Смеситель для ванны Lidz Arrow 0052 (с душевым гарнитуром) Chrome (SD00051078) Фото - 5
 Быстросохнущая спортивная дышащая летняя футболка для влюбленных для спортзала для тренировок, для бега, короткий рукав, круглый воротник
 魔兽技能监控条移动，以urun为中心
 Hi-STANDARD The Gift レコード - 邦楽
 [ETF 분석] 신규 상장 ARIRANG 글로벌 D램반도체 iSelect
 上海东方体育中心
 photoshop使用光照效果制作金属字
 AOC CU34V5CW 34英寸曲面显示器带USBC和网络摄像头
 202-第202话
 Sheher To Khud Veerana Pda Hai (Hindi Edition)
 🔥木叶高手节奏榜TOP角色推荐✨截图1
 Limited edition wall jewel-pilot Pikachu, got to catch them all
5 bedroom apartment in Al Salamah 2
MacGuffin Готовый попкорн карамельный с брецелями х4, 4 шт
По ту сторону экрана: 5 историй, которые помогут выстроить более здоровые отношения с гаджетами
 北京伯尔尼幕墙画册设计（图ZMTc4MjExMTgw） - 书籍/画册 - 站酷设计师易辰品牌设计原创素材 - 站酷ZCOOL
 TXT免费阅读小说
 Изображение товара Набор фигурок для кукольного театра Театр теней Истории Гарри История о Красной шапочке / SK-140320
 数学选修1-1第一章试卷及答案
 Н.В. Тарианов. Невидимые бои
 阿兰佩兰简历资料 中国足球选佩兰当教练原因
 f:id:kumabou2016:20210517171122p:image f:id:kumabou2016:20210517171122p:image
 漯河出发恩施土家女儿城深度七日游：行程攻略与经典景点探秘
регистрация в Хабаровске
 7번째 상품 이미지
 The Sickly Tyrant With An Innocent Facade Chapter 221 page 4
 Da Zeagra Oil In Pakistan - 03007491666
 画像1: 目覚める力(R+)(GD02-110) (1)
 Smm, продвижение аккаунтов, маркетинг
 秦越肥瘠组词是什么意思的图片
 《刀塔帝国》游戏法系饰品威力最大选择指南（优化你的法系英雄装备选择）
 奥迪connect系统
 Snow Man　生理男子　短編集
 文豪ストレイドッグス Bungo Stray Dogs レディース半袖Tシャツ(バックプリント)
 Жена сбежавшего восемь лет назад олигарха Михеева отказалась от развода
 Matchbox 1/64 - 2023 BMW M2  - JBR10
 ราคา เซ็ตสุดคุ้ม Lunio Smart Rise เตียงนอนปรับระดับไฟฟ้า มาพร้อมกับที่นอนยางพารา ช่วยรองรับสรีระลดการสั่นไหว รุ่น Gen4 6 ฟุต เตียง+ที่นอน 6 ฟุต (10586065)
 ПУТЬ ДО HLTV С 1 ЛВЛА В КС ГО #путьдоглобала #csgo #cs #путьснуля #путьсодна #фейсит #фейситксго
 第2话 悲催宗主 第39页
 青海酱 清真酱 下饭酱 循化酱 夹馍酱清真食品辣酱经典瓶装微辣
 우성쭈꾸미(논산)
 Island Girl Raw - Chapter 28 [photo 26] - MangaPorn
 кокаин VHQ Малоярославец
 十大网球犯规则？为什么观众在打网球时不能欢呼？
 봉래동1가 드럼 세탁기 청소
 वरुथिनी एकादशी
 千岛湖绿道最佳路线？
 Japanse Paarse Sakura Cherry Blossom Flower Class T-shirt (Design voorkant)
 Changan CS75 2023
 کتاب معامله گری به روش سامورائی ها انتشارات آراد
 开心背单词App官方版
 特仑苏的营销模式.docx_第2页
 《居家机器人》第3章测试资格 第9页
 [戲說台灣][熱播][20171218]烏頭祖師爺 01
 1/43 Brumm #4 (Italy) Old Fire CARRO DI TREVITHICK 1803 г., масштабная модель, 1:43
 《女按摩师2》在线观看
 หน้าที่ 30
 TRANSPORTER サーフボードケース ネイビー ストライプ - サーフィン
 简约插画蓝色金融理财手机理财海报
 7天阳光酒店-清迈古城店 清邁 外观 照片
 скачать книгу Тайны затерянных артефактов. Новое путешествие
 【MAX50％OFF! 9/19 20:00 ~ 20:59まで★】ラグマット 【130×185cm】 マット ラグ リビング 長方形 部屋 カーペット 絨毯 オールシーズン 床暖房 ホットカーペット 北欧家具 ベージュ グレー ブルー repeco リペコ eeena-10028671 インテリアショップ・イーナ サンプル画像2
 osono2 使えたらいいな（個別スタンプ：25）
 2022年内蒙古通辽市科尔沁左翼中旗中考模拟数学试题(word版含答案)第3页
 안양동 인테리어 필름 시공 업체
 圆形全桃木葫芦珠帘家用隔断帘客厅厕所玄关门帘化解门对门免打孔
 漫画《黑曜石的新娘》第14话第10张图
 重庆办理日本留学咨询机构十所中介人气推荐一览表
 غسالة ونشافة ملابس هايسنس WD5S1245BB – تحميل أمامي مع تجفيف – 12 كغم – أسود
════════════════════
» Task instructions: Please output the complete listing without any alteration.

» Response below:
Смеситель для ванны Lidz Arrow 0052 (с душевым гарнитуром) Chrome (SD00051078) Фото - 5
 Быстросохнущая спортивная дышащая летняя футболка для влюбленных для спортзала для тренировок, для бега, короткий рукав, круглый воротник
 魔兽技能监控条移动，以urun为中心
 Hi-STANDARD The Gift レコード - 邦楽
 [ETF 분석] 신규 상장 ARIRANG 글로벌 D램반도체 iSelect
 上海东方体育中心
 photoshop使用光照效果制作金属字
 AOC CU34V5CW 34英寸曲面显示器带USBC和网络摄像头
 202-第202话
 Sheher To Khud Veerana Pda Hai (Hindi Edition)
 🔥木叶高手节奏榜TOP角色推荐✨截图1
 Limited edition wall jewel-pilot Pikachu, got to catch them all
5 bedroom apartment in Al Salamah 2
MacGuffin Готовый попкорн карамельный с брецелями х4, 4 шт
По ту сторону экрана: 5 историй, которые помогут выстроить более здоровые отношения с гаджетами
 北京伯尔尼幕墙画册设计（图ZMTc4MjExMTgw） - 书籍/画册 - 站酷设计师易辰品牌设计原创素材 - 站酷ZCOOL
 TXT免费阅读小说
 Изображение товара Набор фигурок для кукольного театра Театр теней Истории Гарри История о Красной шапочке / SK-140320
 数学选修1-1第一章试卷及答案
 Н.В. Тарианов. Невидимые бои
 阿兰佩兰简历资料 中国足球选佩兰当教练原因
 f:id:kumabou2016:20210517171122p:image f:id:kumabou2016:20210517171122p:image
 漯河出发恩施土家女儿城深度七日游：行程攻略与经典景点探秘
регистрация в Хабаровске
 7번째 상품 이미지
 The Sickly Tyrant With An Innocent Facade Chapter 221 page 4
 Da Zeagra Oil In Pakistan - 03007491666
 画像1: 目覚める力(R+)(GD02-110) (1)
 Smm, продвижение аккаунтов, маркетинг
 秦越肥瘠组词是什么意思的图片
 《刀塔帝国》游戏法系饰品威力最大选择指南（优化你的法系英雄装备选择）
 奥迪connect系统
 Snow Man　生理男子　短編集
 文豪ストレイドッグス Bungo Stray Dogs レディース半袖Tシャツ(バックプリント)
 Жена сбежавшего восемь лет назад олигарха Михеева отказалась от развода
 Matchbox 1/64 - 2023 BMW M2  - JBR10
 ราคา เซ็ตสุดคุ้ม Lunio Smart Rise เตียงนอนปรับระดับไฟฟ้า มาพร้อมกับที่นอนยางพารา ช่วยรองรับสรีระลดการสั่นไหว รุ่น Gen4 6 ฟุต เตียง+ที่นอน 6 ฟุต (10586065)
 ПУТЬ ДО HLTV С 1 ЛВЛА В КС ГО #путьдоглобала #csgo #cs #путьснуля #путьсодна #фейсит #фейситксго
 第2话 悲催宗主 第39页
 青海酱 清真酱 下饭酱 循化酱 夹馍酱清真食品辣酱经典瓶装微辣
 우성쭈꾸미(논산)
 Island Girl Raw - Chapter 28 [photo 26] - MangaPorn
 кокаин VHQ Малоярославец
 十大网球犯规则？为什么观众在打网球时不能欢呼？
 봉래동1가 드럼 세탁기 청소
 वरुथिनी एकादशी
 千岛湖绿道最佳路线？
 Japanse Paarse Sakura Cherry Blossom Flower Class T-shirt (Design voorkant)
 Changan CS75 2023
 کتاب معامله گری به روش سامورائی ها انتشارات آراد
 开心背单词App官方版
 特仑苏的营销模式.docx_第2页
 《居家机器人》第3章测试资格 第9页
 [戲說台灣][熱播][20171218]烏頭祖師爺 01
 1/43 Brumm #4 (Italy) Old Fire CARRO DI TREVITHICK 1803 г., масштабная модель, 1:43
 《女按摩师2》在线观看
 หน้าที่ 30
 TRANSPORTER サーフボードケース ネイビー ストライプ - サーフィン
 简约插画蓝色金融理财手机理财海报
 7天阳光酒店-清迈古城店 清邁 外观 照片
 скачать книгу Тайны затерянных артефактов. Новое путешествие
 【MAX50％OFF! 9/19 20:00 ~ 20:59まで★】ラグマット 【130×185cm】 マット ラグ リビング 長方形 部屋 カーペット 絨毯 オールシーズン 床暖房 ホットカーペット 北欧家具 ベージュ グレー ブルー repeco リペコ eeena-10028671 インテリアショップ・イーナ サンプル画像2
 osono2 使えたらいいな（個別スタンプ：25）
 2022年内蒙古通辽市科尔沁左翼中旗中考模拟数学试题(word版含答案)第3页
 안양동 인테리어 필름 시공 업체
 圆形全桃木葫芦珠帘家用隔断帘客厅厕所玄关门帘化解门对门免打孔
 漫画《黑曜石的新娘》第14话第10张图
 重庆办理日本留学咨询机构十所中介人气推荐一览表
 غسالة ونشافة ملابس هايسنس WD5S1245BB – تحميل أمامي مع تجفيف – 12 كغم – أسود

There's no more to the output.